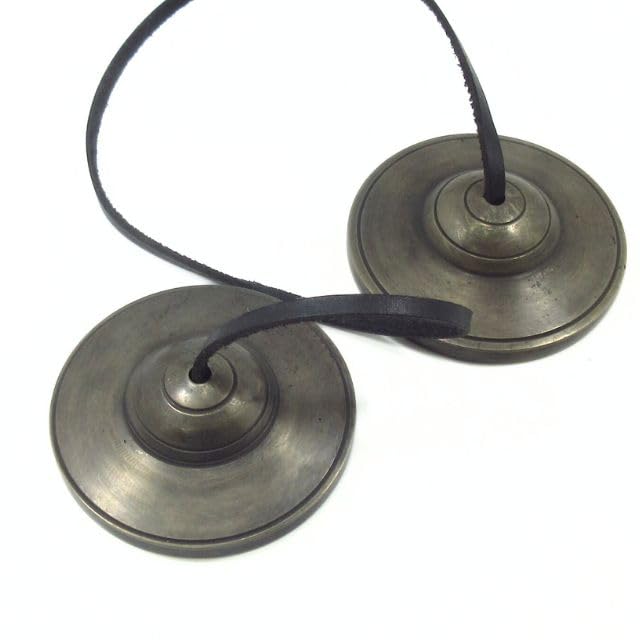 Amazon | ティンシャ チベタンベル ヨガ 浄化 チベット ベル 直径約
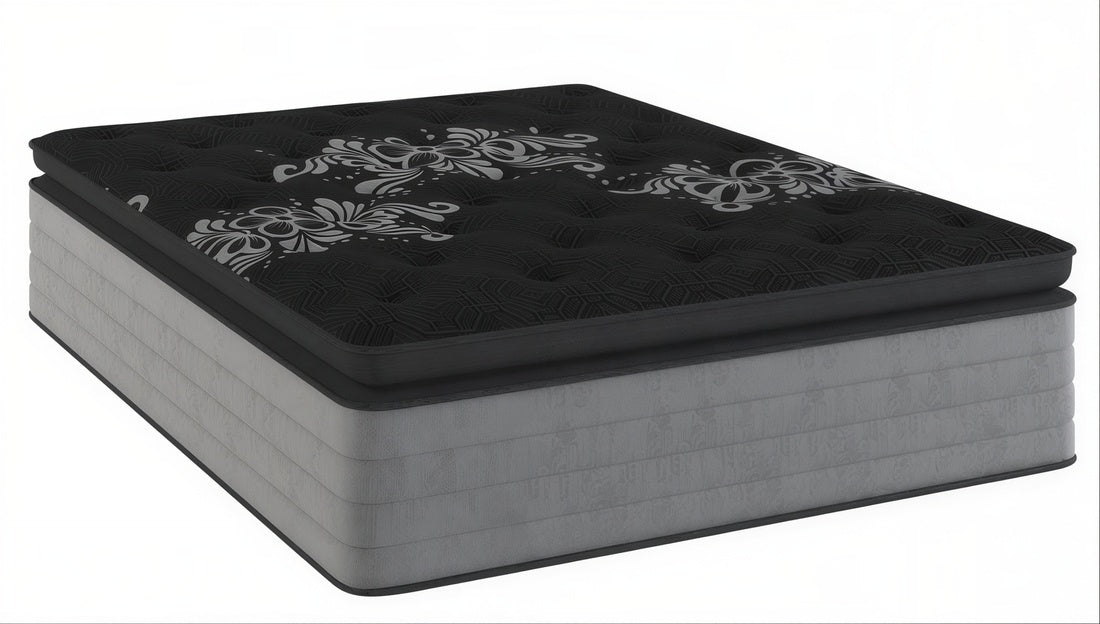 16" Luxury Pillowtop Cooling Mattress –  Medium Plush Support
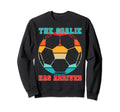 Goalie Soccer Player Goalkeeper Sweatshirt - Unique Graphic Men Women - T-Shirt, Sweatshirt, Hoodie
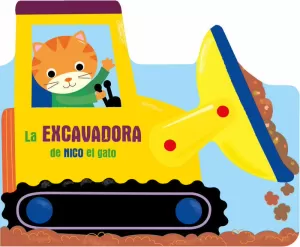 LA EXCAVADORA DE NICO EL GATO LA EXCAVADORA DE NICO EL GATO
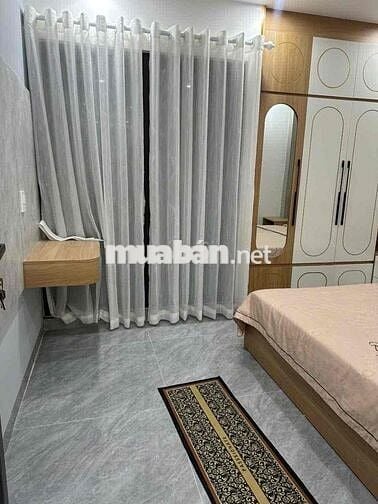 BÁN NHÀ KIỆT Ô TÔ  NGUYỄN CHÁNH FULL NỘI THẤT MỚI 100%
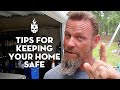 Tips For Keeping Your Home Safe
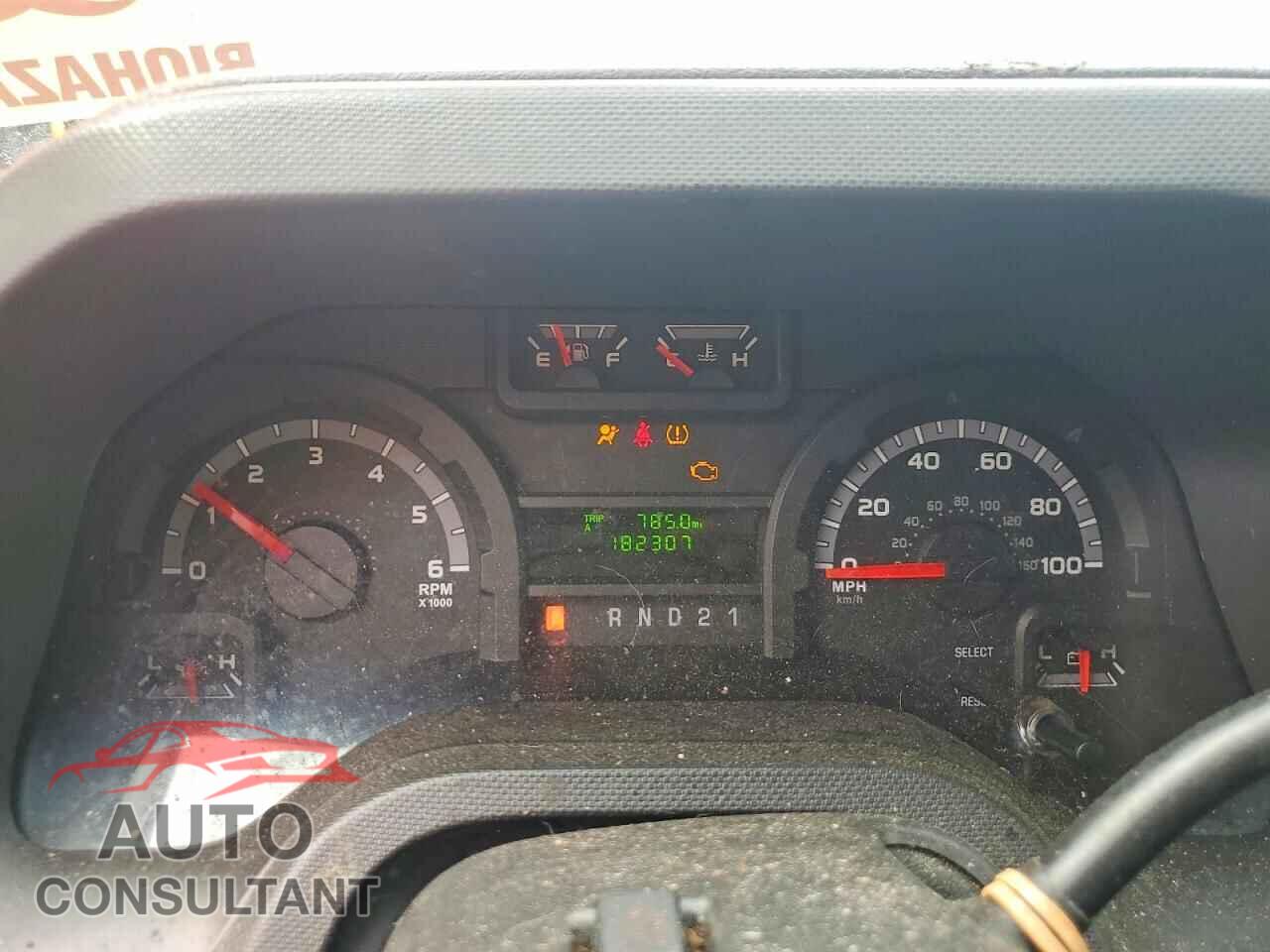 FORD ECONOLINE 2013 - 1FBNE3BL3DDA65038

++++++++++

Give the listing again, exactly as it appears, but without its images.

# Written solution
 Amazon | ティンシャ チベタンベル ヨガ 浄化 チベット ベル 直径約
 16" Luxury Pillowtop Cooling Mattress –  Medium Plush Support
 Goalie Soccer Player Goalkeeper Sweatshirt - Unique Graphic Men Women - T-Shirt, Sweatshirt, Hoodie
 LA EXCAVADORA DE NICO EL GATO LA EXCAVADORA DE NICO EL GATO
 BÁN NHÀ KIỆT Ô TÔ  NGUYỄN CHÁNH FULL NỘI THẤT MỚI 100%
 Tips For Keeping Your Home Safe
 FORD ECONOLINE 2013 - 1FBNE3BL3DDA65038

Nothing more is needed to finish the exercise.